Well, crazy culottes, Fashion Week starts tomorrow. That means it unofficially started yesterday. And that means I’ve been wearing six turbans on one head for two days now. In any case, The New York Post commissioned my silly ass to write a story for their paper running today about Getting Fashion Week Ready. As in most my street style installments, I lend tips to NY Post readers on becoming the feather of Scott Schuman’s eye. Because everyone knows, this week is only as important as the high volume of blogs you land on.
Step 1: Give the Black Swan a run for her feathers. Look something like a potato sack while doing so.
Step 2: Have more feathers? Throw them in. Have a mom with remnants of the 80s in the form of navy leather Alaia cut-out belt? Add that too.
…You can also stop in your tracks if you please to pretend as though you are the subject of a Seventeen Magazine fashion spread. Optional.
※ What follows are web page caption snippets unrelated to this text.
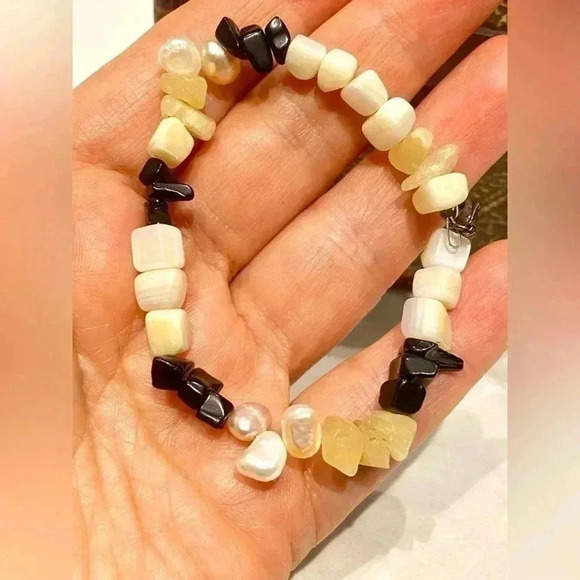 Simple and  elegant natural stones bracelet - Picture 3 of 5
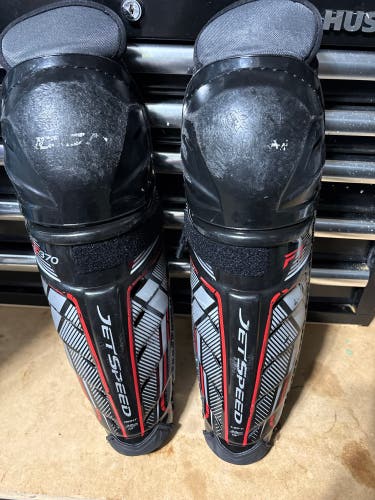 Used Junior CCM 13" Shin Pads
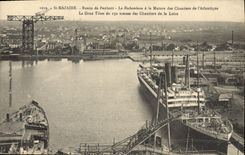 CPA Bateau Paquebot St Nazaire Bassin de Penhoet Le Rochambeau a la mature des Chantiers de l'Atlantique La grue Titan des chantiers de la Loire 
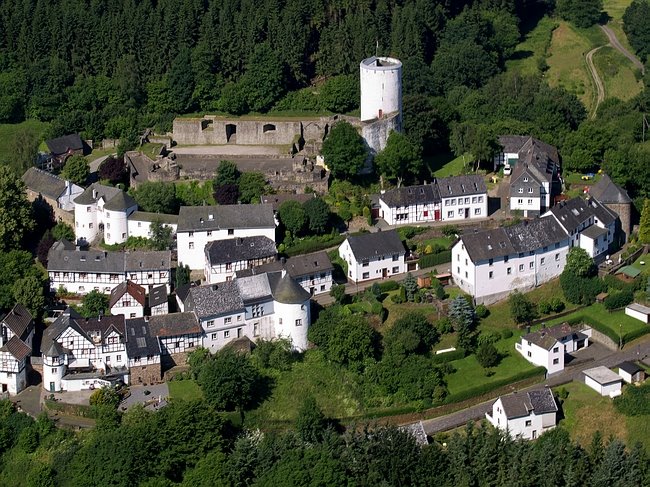 Burg Reifferscheid by Georg May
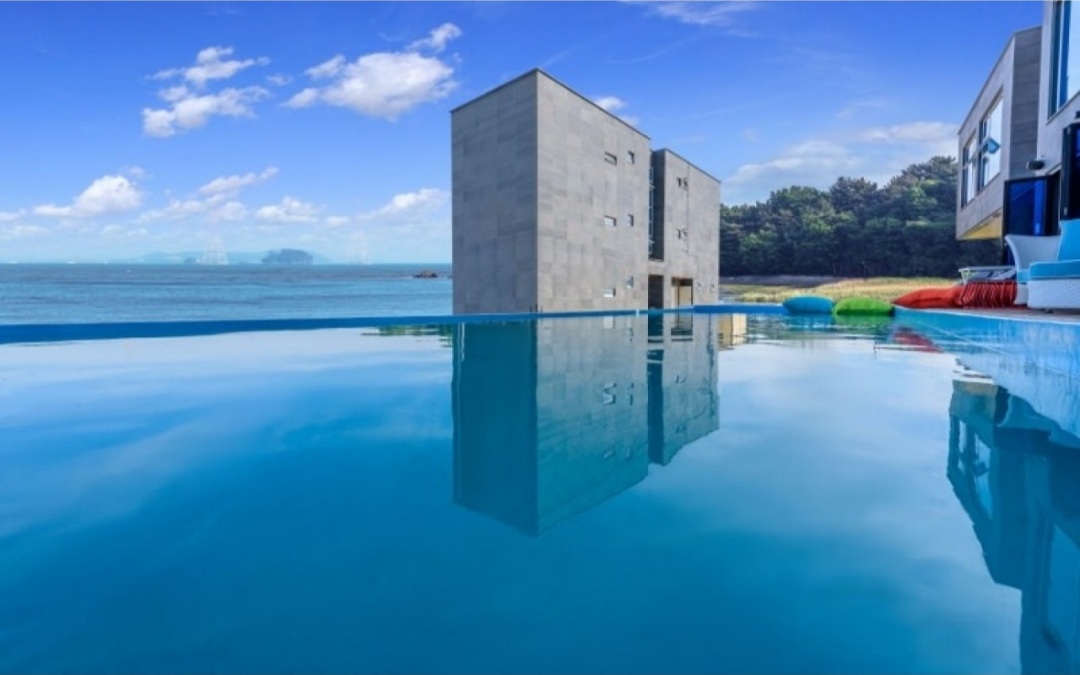 오블리크 수영장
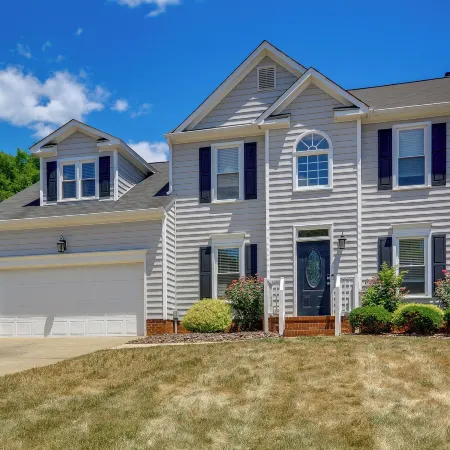 Graham Home w/ Private Pool & Ping-Pong Table!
Highly recommended.
Step 3: Add a vest, Bonus points if its leather because swans that ride motorcycles are really hot right now and this look may exude just that.
Step 4: Bare feet and legs aren’t going to do, if only because current weather conditions call for hypothermic reactions–though I do suppose purple legs could make for a great color-blocking story. Just try for floral print tights (hipster points for pre-ripped seams) and a pair of socks to pair with some sandals for now. We’re almost there, Repellers!
Step 5: Add a military jacket because, you know, when in doubt, utility out.
Step 6: Holy moly me oh my, feathers and fur, feathers and fur. Just like a woman trying to seduce you holding a sign that reads “chock full o’STDs.” Eh? Eh? No? Anyone? Sigh, no one gets me.